RFR: 8264104: Eliminate unnecessary vector mask conversion during VectorUnbox for floating point VectorMask [v3]

Mon Apr 12 16:52:47 UTC 2021

On Mon, 12 Apr 2021 07:00:58 GMT, Xiaohong Gong <xgong at openjdk.org> wrote:

>> src/hotspot/share/opto/vectornode.cpp line 1237:
>> 
>>> 1235:           if (in_vt->length_in_bytes() == out_vt->length_in_bytes() &&
>>> 1236:               Matcher::match_rule_supported(Op_VectorMaskCast)) {
>>> 1237:             // VectorUnbox (VectorBox vmask) ==> VectorMaskCast (vmask)
>> 
>> It's better to implement it as a 2-step transformation and place it in `VectorLoadMaskNode::Ideal()`:
>> 
>> VectorUnbox (VectorBox vmask) ==> VectorLoadMask (VectorStoreMask vmask) => VectorMaskCast (vmask)
>
> Thanks for your comments. Yes, theoretically it's better to place it in `VectorLoadMaskNode::Ideal()`. Unfortunately, we met an issue that is related to optimization for `VectorStoreMask`. Considering the following case:
> 
>    LoadVector                                              LoadVector
>            |                                                    |
>    VectorLoadMask  (double)                          VectorLoadMask (double)
>                |                                               |
>            VectorUnbox   (long)          ==>           VectorStoreMask  (double)
>                                                                |
>                                                       VectorLoadMask  (long)
> 
> This case loads the masking values for a double type, and does a bitwise `and` operation. Since the type is mismatched, the compiler will try to do `VectorUnbox (VectorBox vmask) ==> VectorLoadMask (VectorStoreMask vmask)`. However, since there is the transformation `VectorStoreMask (VectorLoadMask value)  ==> value`, the above `VectorStoreMaskNode` will be optimized out. The final graph looks like:
> 
> 
>    LoadVector                                                  LoadVector
>           |                                                      /      \
>         VectorLoadMask  (double)                               /         \
>               |                      ==>     VectorLoadMask (double)      \
>          VectorStoreMask (double)                                   VectorLoadMask (long)
>                    |
>             VectorLoadMask (long)
> 
> Since the two `VectorLoadMaskNode` have different element type, the GVN cannot optimize out one. So finally there will be two similar  `VectorLoadMaskNode`s. That's also why I override the `cmp/hash` for `VectorLoadMaskNode` in the first version.
> 
> So I prefer to add `VectorUnbox (VectorBox vmask) ==> VectorMaskCast (vmask)` directly.

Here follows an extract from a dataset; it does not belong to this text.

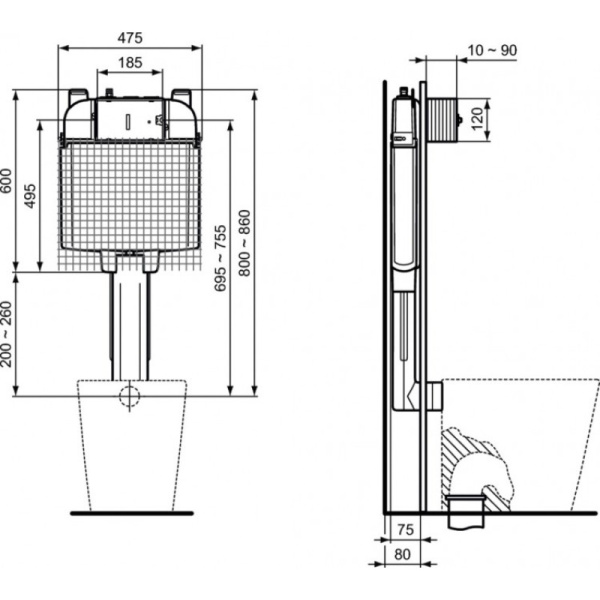 бачок скрытого монтажа ideal standard prosys r014767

Ok, so you face a transformation ordering problem here. 

By working on `VectorUnbox (VectorBox vmask)` you effectively delay `VectorStoreMask (VectorLoadMask vmask) => vmask` transformation.

As an alternative you could:

(1) check for `VectorLoadMask` users before applying `VectorStoreMask (VectorLoadMask vmask) => vmask`;

(2) nest adjacent casts: 

VectorLoadMask #double (1 LoadVector)
VectorLoadMask #long   (1 LoadVector)
==>
VectorMaskCast #long (VectorLoadMask #double (1 LoadVector)

The latter looks more powerful (and hence preferrable), but I'm fine with what you have right now. (It can be enhanced later.)
Please, leave a comment describing the motivation for doing the transformation directly on `VectorUnbox (VectorBox ...)`.

-------------

PR: https://git.openjdk.java.net/jdk/pull/3238